Thank you for that headliner, very, very good and a fine perspective on two clubs and their achievements.

The abuse and misuse of words like 'legend', 'icon', 'big-club' is an interesting point too supporters just ignore what it or they mean and use them to increase their clubs importance we only have to look up the A19 to see that in action. Still who cares? We've always got Boro haven't we and they're a full-time job.

Initially I was very disappointed at the Rotheram result, who wasn't, but having seen the extended highlights Boro played some lovely football and didn't deserve to lose or to have that referee. He didn't give a blatant penalty and near the end when Bangura was brought down in the six yard box the man marking him had a massive handful of his shirt right between his shoulder blades. Obviously that's OK too.

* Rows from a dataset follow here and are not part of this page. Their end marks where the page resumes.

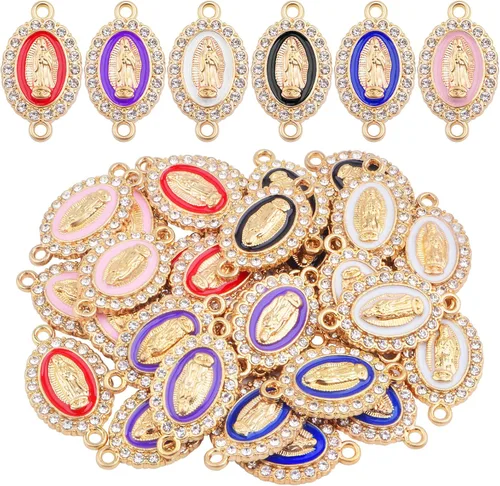 30 dijes de aleación esmaltados de la Virgen María, diamantes de imitación de Nuestra Señora, Medalla Milagrosa, Dijes de Crucifijo de conexión para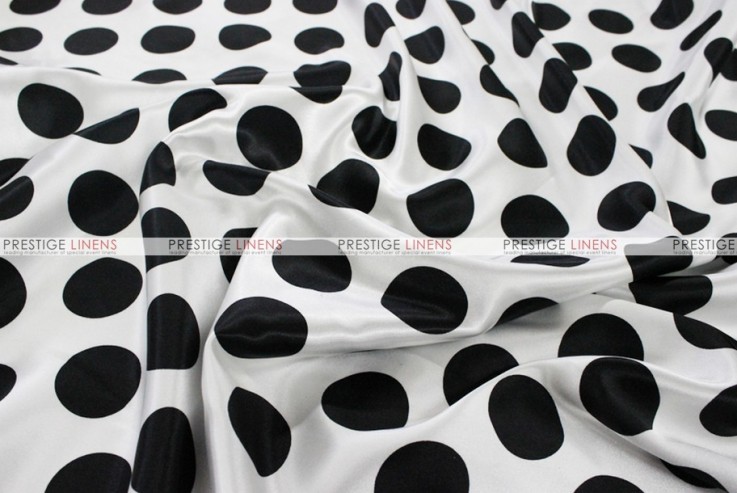 Polka Dot Charmeuse - Fabric by the yard - White/Black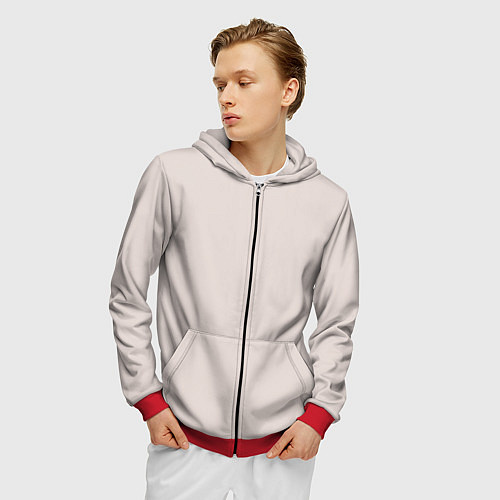 Мужская толстовка на молнии Светлый оттенок цвета года 2025 Пантон / 3D-Красный – фото 3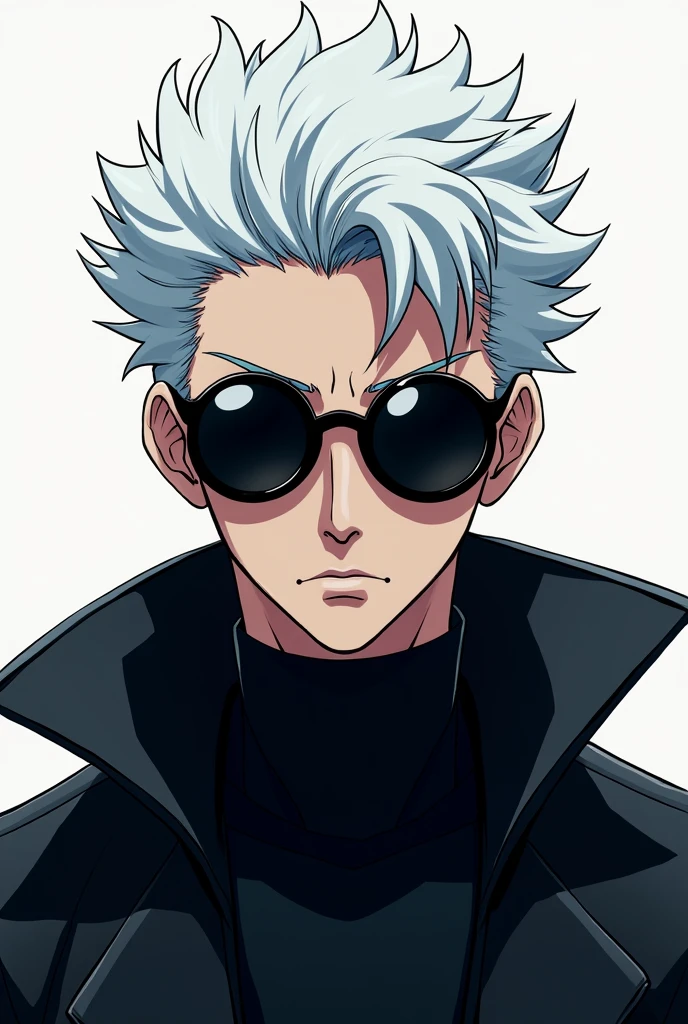 (1boy,gojou satora,Jujutsu Kaisen),Sunglasses with black round lenses, until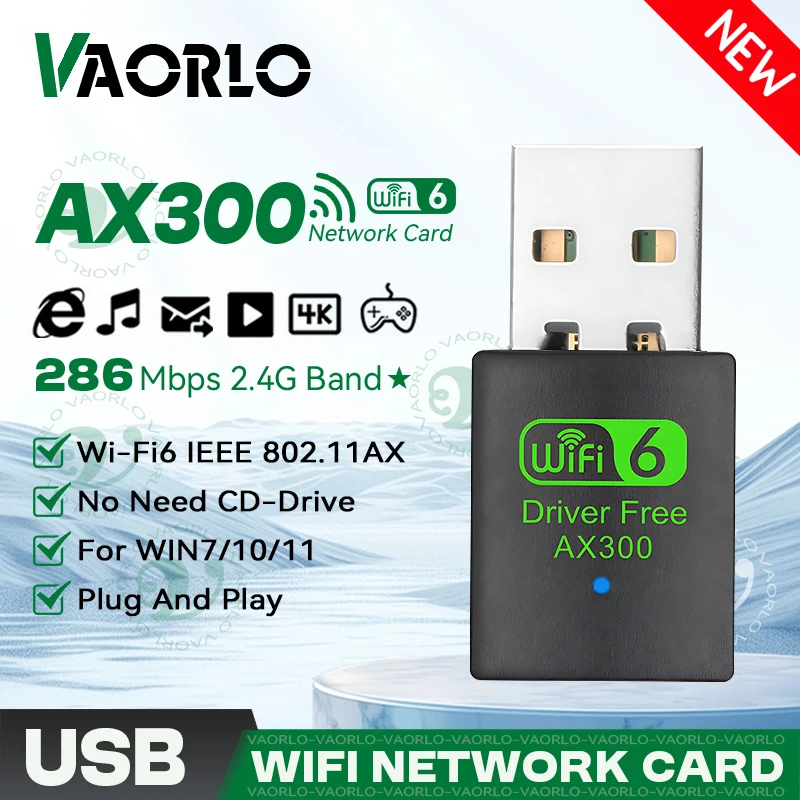 VAORLO محول USB واي فاي 6 AX300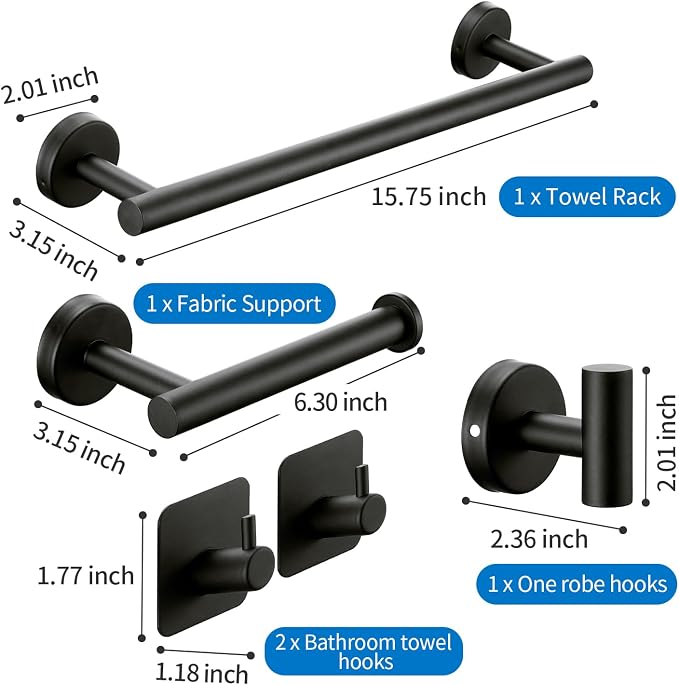 Matte Black Bathroom Hardware Set, 5 Pieces Bathroom Accessories Set,Stainless Steel 16 Inch Bath Towel Bar Set Wall Mounted,Robe Towel Hooks, Toilet Paper Holder,Towel Racks for Bathroom SP-60008-N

On Mr Greenwood I thought he was good but unlucky and doesn't deserve the slagging some keyboard warriors are giving him on some sites and then there's the woodwork getting in the way too. If Boro play like that today they'll win, it's just that self-belief that needs to be nurtured by the coaches and the substitutions need to given more than a few minutes on the pitch. If you are winning by all means break the flow up at the end but not when you are chasing a goal.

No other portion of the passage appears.